My father, David Gideon Lehman, was born January 25, 1926 to Joseph L. and Stella Lehman in Kenmare, North Dakota and joined their adventure. He was not quite three years old when his father died, which left little direct memory and no personal relationship with his dad. However, the sense of his mother’s grief and the weight of the load she had to carry, did leave a powerful impression, contributing to a lifetime habit of responsibility and sensitivity to people in need.
Here is Dad with all of us children, Anne, Margaret, Jane, Mary, Joe and myself by the pump handle on the home place.
During the late twenties and early thirties, the shadow of the great depression hung over the country, and farming in North Dakota was getting even more difficult. Fortunately, Grandma Stella knew that true wealth was not about having lots of stuff, but having a Good Father, who she trusted to care for the fatherless and widows. Much kindness was expressed by the local Christian community, and she taught her children to have thankful hearts. And for a bonus, there was the one Christmas when some friends brought presents…
Dad’s older sister Mary remembers that her mother often read to the children, and played a variety of games, many of them being homemade. Grandma Stella often used scripture text calendars, teaching the children a new verse every day. Mary also said that Uncle Levi C. and Aunt Becca Kauffman helped them buy a small house, and move it to their farm where they could have a garden plot and a cow in the barn. As a young boy, Dad remembers being responsible to ride out on the pony and keep the cattle out of the corn. Here he is doing a show and tell about the farm where he lived for the first eight years of his life.
When it was time to go to school, Dad walked one half mile down to the one room school house. His first teacher, Miss Anderson, got sick and died in the middle of the year, and she was replaced by Miss Coffee from Minneapolis. She had a harsh attitude and a pointing stick, used to correct wrong answers by hitting the student’s hands or heads. He does not remember her fondly. Below is inside of that school house where Dad went 85 years ago.
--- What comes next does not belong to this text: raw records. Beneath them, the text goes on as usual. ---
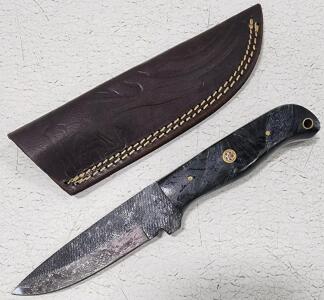 (1) Fixed Blade Cold Steel Utility Knife With Resin Handle And Sheath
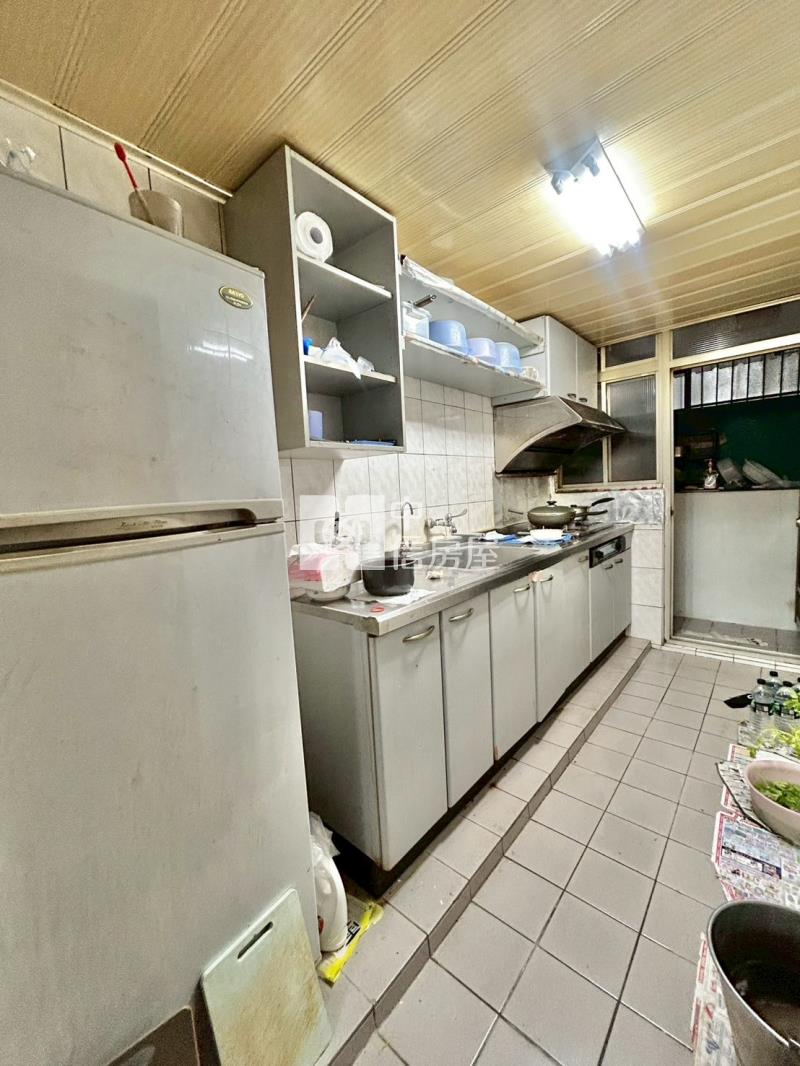 低樓層雙陽台大三房房屋室內格局與周邊環境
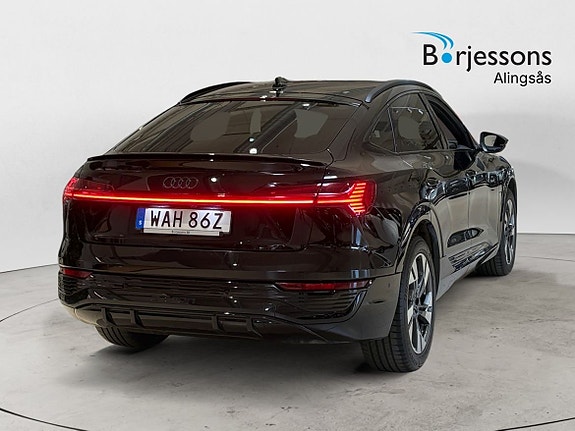 Audi Q8 4 of 5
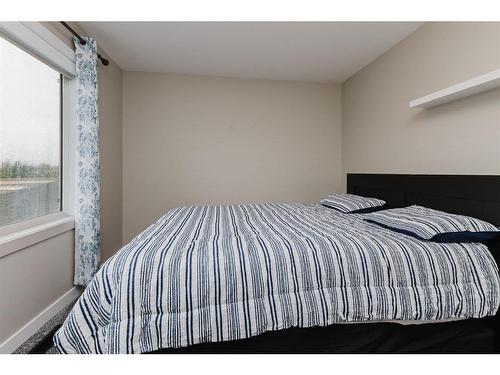 137 Hampton Crescent, Sylvan Lake, AB - Indoor Photo Showing Bedroom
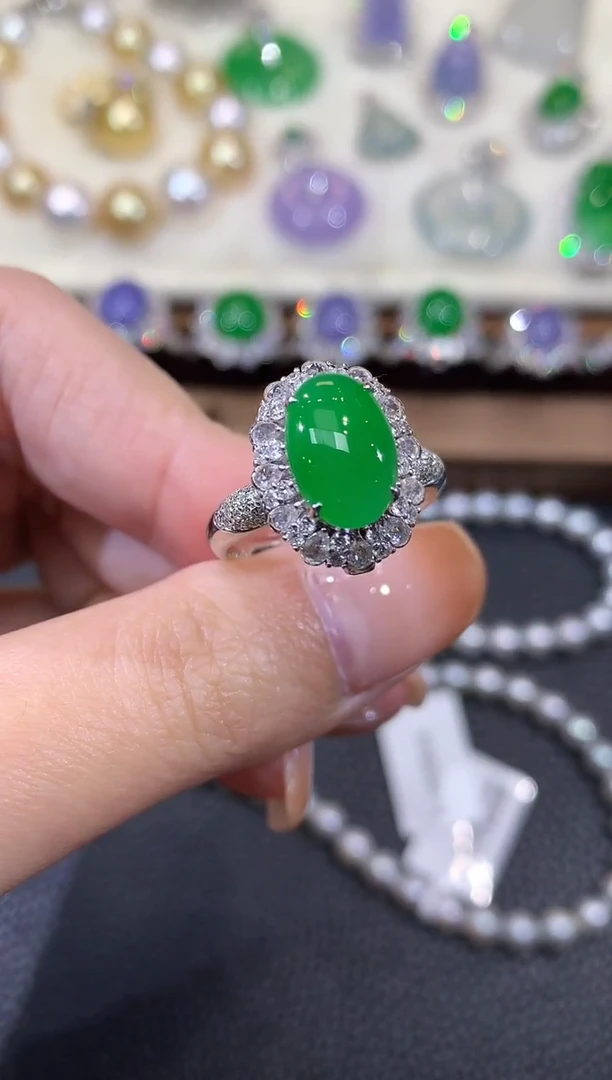 18K金镶嵌戒指翡翠C64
In the early 1930’s, farms were experiencing crop failure from drought, dust storms, and grasshoppers and the gardens produced little. For awhile, Grandma received a Widow’s Pension from the State, but it had been reduced. Many people were leaving North Dakota, and Stella wrote a letter in November 1934, to her sister, Aunt Lina Zook in Fairview, Michigan asking for help. Her husband, Uncle Chauncey Zook took the letter to the Fairview Mennonite Church and a vote was taken to invite Stella and her children to come.
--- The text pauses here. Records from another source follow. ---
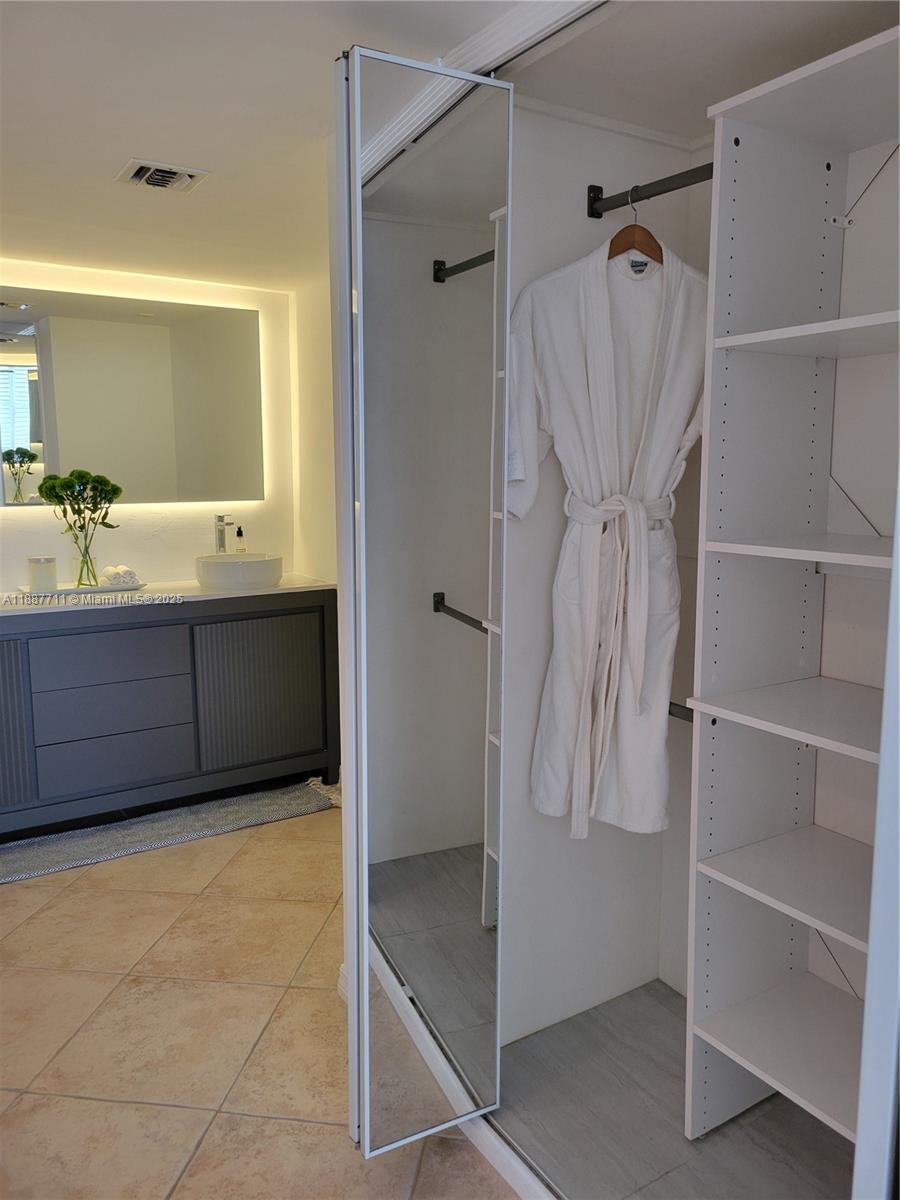 BERMUDA HOUSE CONDOMINIUM - Residential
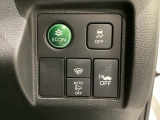 ハンドルの右側には安全装備のVSA(ABS+TCS+横滑り抑制)の解除スイッチなどがついています。燃費に役立つECONボタンもここです。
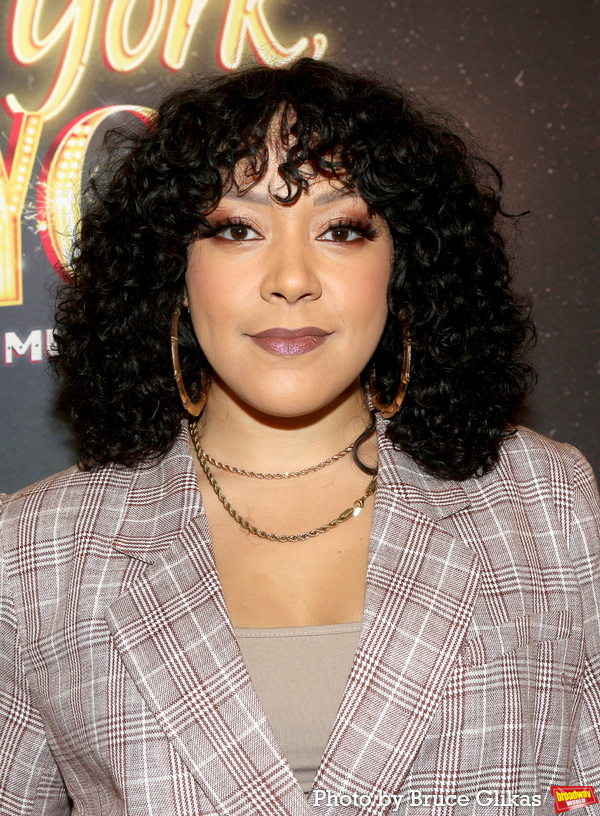 Photos: Stars Arrive on the Red Carpet at NEW YORK, NEW YORK! Opening Night! Image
In early December, Grandma Stella took the letter of invitation to the North Dakota welfare board. They stipulated that if she would stay off welfare for two years, they would provide one-way train tickets to Michigan. Grandma quickly arranged for a sale, and they boarded the train with only a few clothes, linen bedding, a trunk of dishes, books and a few photos. This was right after Christmas 1934, and they arrived in Fairview with a new sense of optimism and faith.
The refugee family was welcomed with open arms, and the whole church showered them with furniture, food and clothing until they were able to fend for themselves. Uncle Chauncey and Aunt Lina provided a small house for the family rent-free, and gave them milk, firewood, and helped in so may ways. Uncle Chauncey was a godfather in the most true representation of our Heavenly Father and is thought of kindly whenever the story is told. Below are Chauncey and Lina’s children, Delbert and Ruth, who grew up with Dad.
They wasted no time that January 1935, settling in and finding their place. At a family gathering with the Zooks, daughters Vera, Vesta, and Ruth quizzed Dad on his reading. Vera said to give Dad the Bay City News, and the Gospel Herald to read out loud. He read well, and joined most of his church friends who were in 3rd grade.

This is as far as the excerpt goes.